Source: Dreamstime | Author: Birgit Korber
Reading time: 2 minutes
In June, the nation’s manufacturing sector reached a new low not seen in 23 months due to an increasingly struggling economy, caused by the war in Ukraine and rising inflation.
“Thanks to a particularly grim outlook for the manufacturing sector, business confidence towards future activity is now at its lowest since the first wave of the pandemic two years ago, and we’re seeing this translate into a broad-based slowdown in job creation as companies start to reassess their staffing needs going forward.”
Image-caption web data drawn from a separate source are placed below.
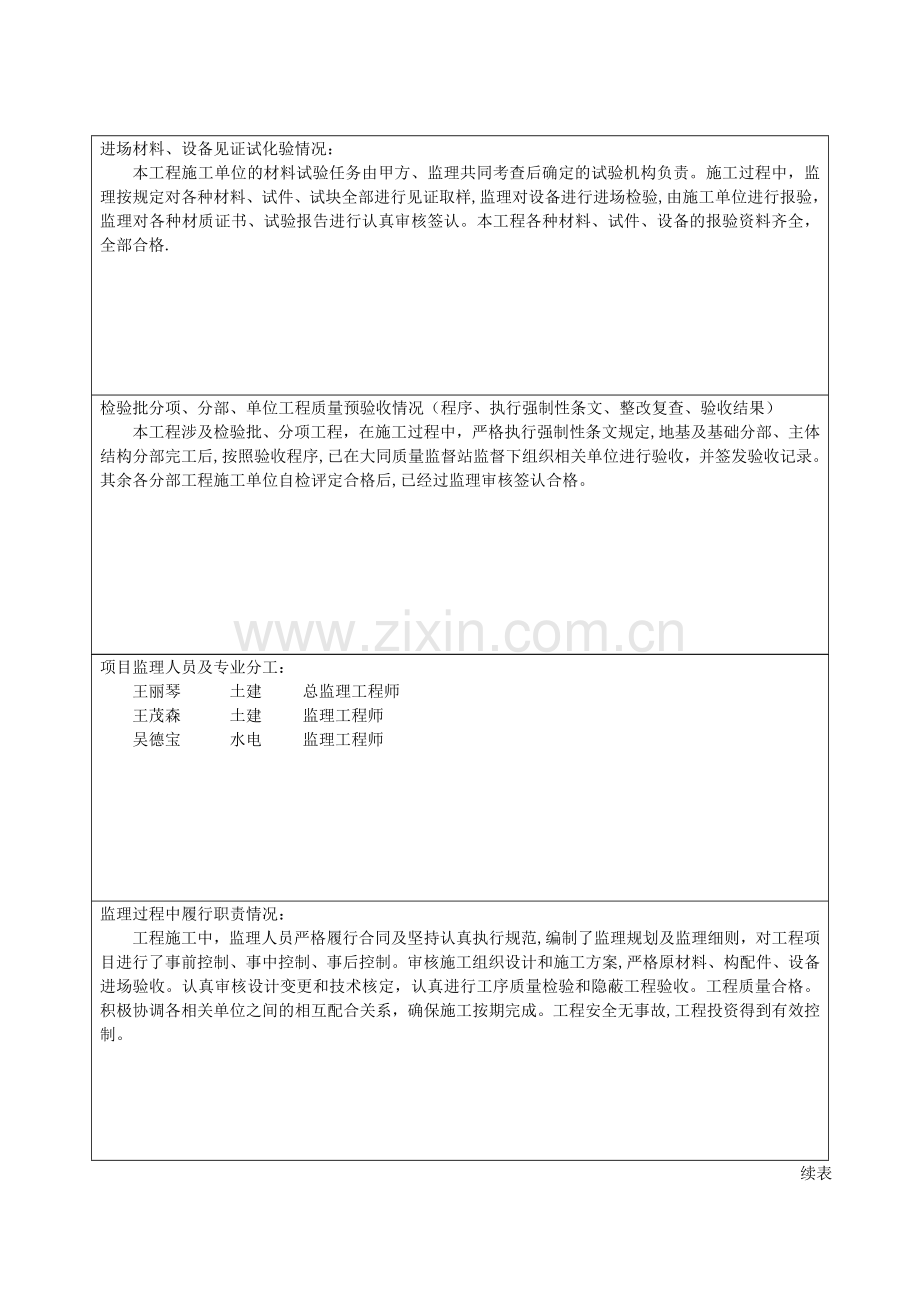 建设工程质量评估报告(监理).doc_第2页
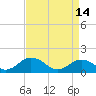 Tide chart for Watts Island, Chesapeake Bay, Virginia on 2023/04/14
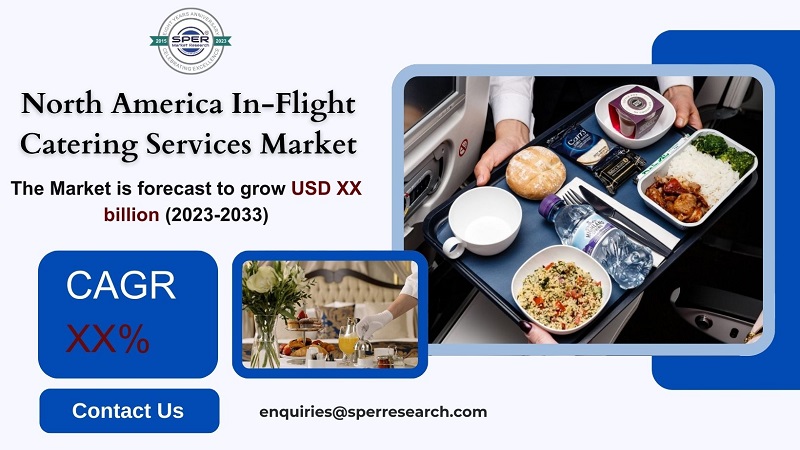 North America In-Flight Catering Services Market Growth and Size, Rising Trends, CAGR Status, Challenges, Future Opportunities and Forecast 2033: SPER Market Research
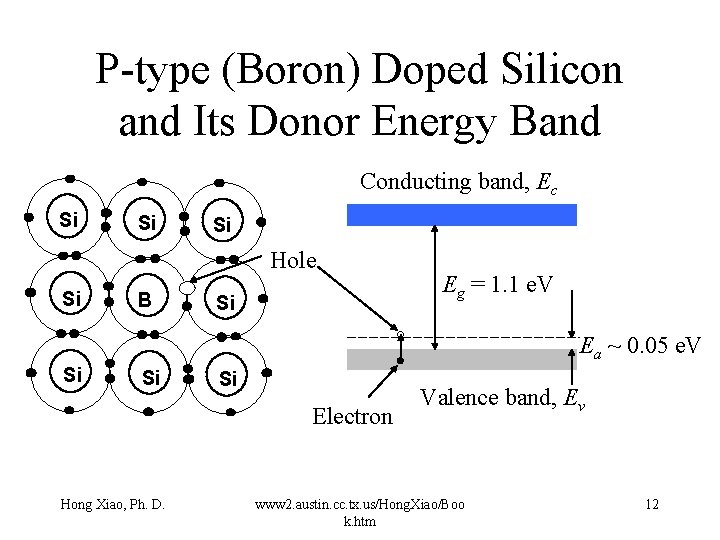 P-type (Boron) Doped Silicon and Its Donor Energy Band Conducting band, Ec Si Si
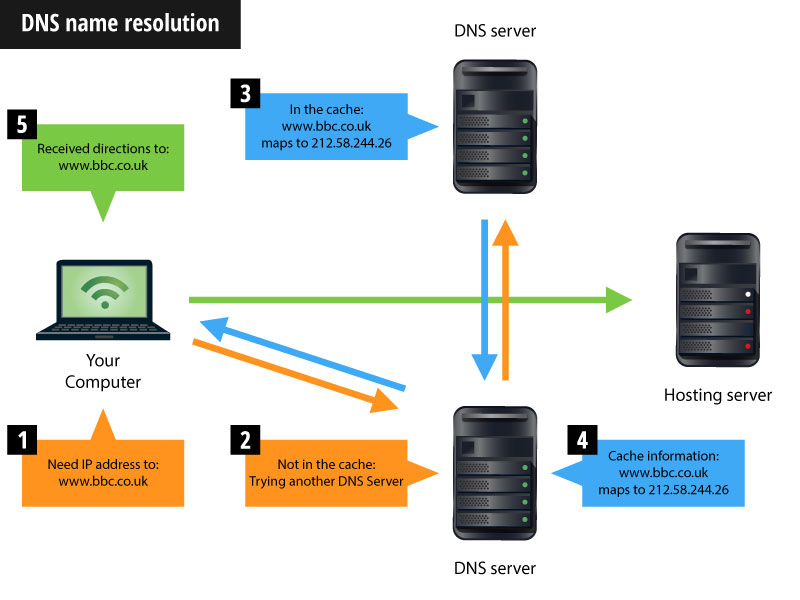 dns name resolution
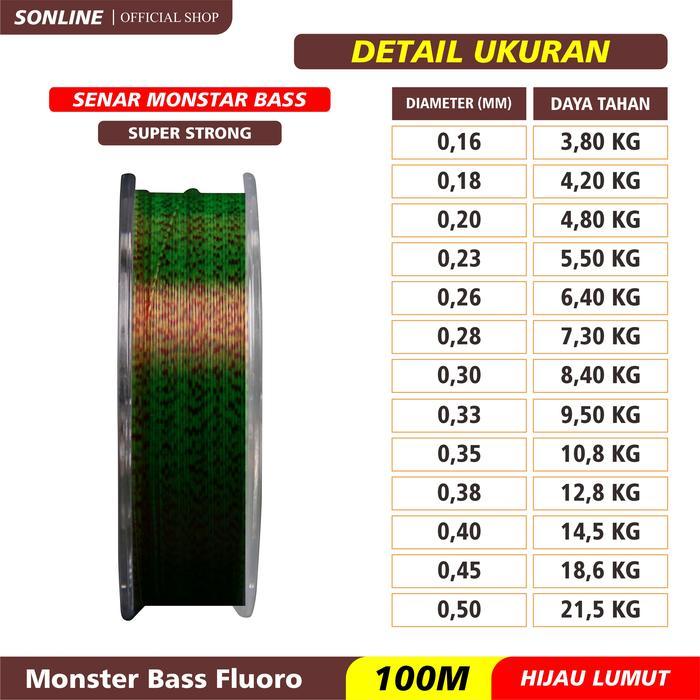 SONLINE TALI PANCING BASS FLUOROCARBON 100M WARNA HIJAU SENAR PANCING FISHING LINE STRENGTH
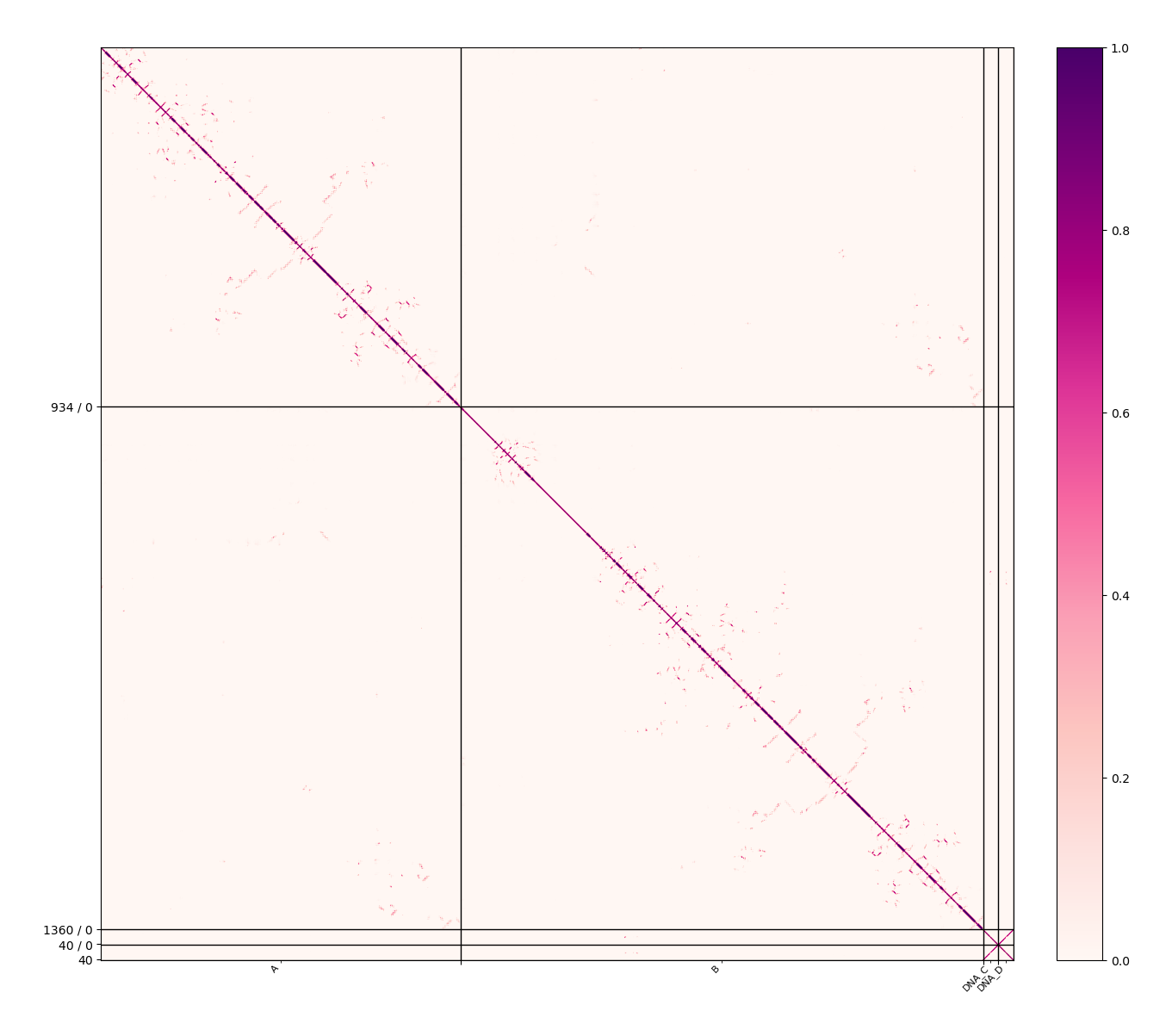 PDE matrix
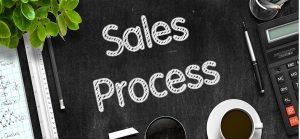 sales process banner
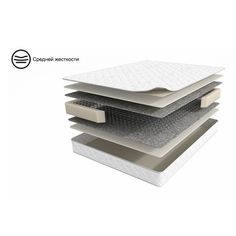 Матрас ТриЯ Basic comfort 200 x 160 x 18 см жаккард белый Triya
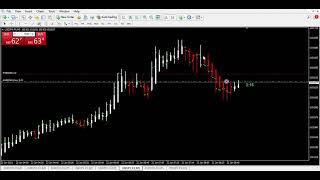 Live trading of scalping forex USD JPY using Heiken Ashi indicator [upl. by Hazaki]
Phil Smith, Economics Associate Director at S&P Global
The findings of S&P Global
According to a preliminary report, submitted by the U.S. data firm S&P Global, Germany’s flash purchasing manager’s index for its manufacturing sector declined to 52.0 in June from its previous May reading of 54.8. This starkly contrasts analysts’ predictions of 54.0. In other words, manufacturing firms in the country experienced their worst drop in new orders in almost two years. That being said, the firm noted that readings above 50 still indicate an expansion.
What caused the decline?
The chief reason behind the sudden slump in the flash PMI has to do with Germany’s declining exports and domestic demand levels, which in turn have been under fire from:
– Soaring prices due to unprecedented inflation levels
– Global turmoil as a result of the ongoing war in Ukraine
– China’s weakened economy due to its renewed COVID lockdowns
Why is this such a big deal?
The flash manufacturing PMI is roughly equivalent to about a fifth of the nation’s entire economy, so it’s an important health barometer that is closely scrutinised by traders and investors alike. Due to this sharp drop, German companies are now reporting their lowest confidence in future business activity in two years, with sentiment remaining on the negative side due to worries linked to inflation, supply chain disruptions, and weakening sales.
What about the services sector?
Similarly to the flash PMI, Germany’s services sector also took a hit and reached 52.4 in June – also below expectations. Thus, the composite figure, which calculates both the PMI and the services sector, has collectively dropped to 51.3, or its lowest level in the last six months.